Since many components of IRIS leverage machine learning models, it is best to have access to a GPU so that model training and inference can be done more efficiently. If your computer does not come with a graphics card, we recommend running the machine learning methods of IRIS in a computing environment with access to a GPU. This code was tested through jupyter notebooks running on the Whitehead Institute compute cluster with Ubuntu 20.04, via a SLURM job with access to an NVIDIA RTX A6000 GPU.

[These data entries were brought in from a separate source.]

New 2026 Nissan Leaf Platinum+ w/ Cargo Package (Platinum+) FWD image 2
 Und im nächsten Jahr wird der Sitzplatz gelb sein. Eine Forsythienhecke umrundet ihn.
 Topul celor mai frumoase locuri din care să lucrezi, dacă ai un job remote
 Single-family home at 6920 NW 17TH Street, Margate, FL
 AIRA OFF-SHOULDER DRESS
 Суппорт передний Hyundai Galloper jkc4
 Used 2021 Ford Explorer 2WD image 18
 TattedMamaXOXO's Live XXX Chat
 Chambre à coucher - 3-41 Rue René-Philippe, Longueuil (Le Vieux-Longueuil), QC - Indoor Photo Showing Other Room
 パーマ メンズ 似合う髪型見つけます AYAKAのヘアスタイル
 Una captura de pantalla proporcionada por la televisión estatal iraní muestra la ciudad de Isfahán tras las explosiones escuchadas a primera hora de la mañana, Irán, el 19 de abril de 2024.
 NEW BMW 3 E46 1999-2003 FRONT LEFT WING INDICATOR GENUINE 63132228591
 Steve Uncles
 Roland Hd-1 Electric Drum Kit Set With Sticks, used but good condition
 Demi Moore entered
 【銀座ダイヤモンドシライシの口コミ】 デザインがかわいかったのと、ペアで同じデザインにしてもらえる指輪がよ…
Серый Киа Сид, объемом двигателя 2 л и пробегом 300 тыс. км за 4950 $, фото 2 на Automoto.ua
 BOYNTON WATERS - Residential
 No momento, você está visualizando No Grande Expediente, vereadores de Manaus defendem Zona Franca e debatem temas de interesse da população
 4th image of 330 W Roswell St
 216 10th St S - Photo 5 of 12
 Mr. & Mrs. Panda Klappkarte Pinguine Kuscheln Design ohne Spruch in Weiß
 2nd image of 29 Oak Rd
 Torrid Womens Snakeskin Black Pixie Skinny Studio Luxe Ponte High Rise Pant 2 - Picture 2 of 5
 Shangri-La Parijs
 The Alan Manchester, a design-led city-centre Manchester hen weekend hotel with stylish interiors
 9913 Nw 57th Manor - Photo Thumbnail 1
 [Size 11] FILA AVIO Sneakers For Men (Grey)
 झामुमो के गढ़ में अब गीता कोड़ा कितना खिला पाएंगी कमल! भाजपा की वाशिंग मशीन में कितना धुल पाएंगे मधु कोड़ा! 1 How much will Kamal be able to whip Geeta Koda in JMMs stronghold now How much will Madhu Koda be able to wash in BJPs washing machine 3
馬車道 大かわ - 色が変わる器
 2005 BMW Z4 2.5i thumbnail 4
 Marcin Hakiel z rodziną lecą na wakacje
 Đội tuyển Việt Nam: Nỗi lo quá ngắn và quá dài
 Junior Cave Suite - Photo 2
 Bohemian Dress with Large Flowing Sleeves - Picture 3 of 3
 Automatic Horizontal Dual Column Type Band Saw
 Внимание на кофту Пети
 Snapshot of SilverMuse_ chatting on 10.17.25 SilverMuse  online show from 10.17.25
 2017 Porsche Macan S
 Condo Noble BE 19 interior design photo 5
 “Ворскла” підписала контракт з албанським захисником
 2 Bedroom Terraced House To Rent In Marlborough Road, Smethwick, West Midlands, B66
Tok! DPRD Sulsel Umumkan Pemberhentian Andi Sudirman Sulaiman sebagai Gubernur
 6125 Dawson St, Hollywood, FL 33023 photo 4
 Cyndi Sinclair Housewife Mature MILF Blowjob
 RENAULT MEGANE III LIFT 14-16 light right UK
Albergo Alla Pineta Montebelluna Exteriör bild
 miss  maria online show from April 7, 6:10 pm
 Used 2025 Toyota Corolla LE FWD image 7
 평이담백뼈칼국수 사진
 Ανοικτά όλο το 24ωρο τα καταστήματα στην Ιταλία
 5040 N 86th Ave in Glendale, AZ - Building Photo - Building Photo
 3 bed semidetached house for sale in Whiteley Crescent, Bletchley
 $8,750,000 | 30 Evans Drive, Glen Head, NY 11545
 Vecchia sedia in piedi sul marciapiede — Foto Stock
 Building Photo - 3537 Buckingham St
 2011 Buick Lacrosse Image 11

There are several non-machine-learning methods in IRIS that can be run on a standard computer. IRIS has been tested on macOS and Linux, specifically:
- macOS: Sonoma (14.6.1)
- Linux: Ubuntu (20.04)
Create a Conda environment with Python=3.9, and activate the virtual environment:
conda create -n <my_env> python=3.9
conda activate <my_env>
Clone this repo:
git clone https://github.com/Pulin-Li-Lab/IRIS-signaling-inference.git
cd IRIS-signaling-inference
Install the other required packages:
pip install -r requirements.txt
gseapy may be able to be installed via pip install gseapy for Windows and M1/M2 Macs. Otherwise, follow these commands:
curl https://sh.rustup.rs -sSf | sh -s -- -y
export PATH="$PATH:$HOME/.cargo/bin"
pip install git+https://github.com/zqfang/gseapy.git#egg=gseapy
In total, the entire installation process should only take a few minutes.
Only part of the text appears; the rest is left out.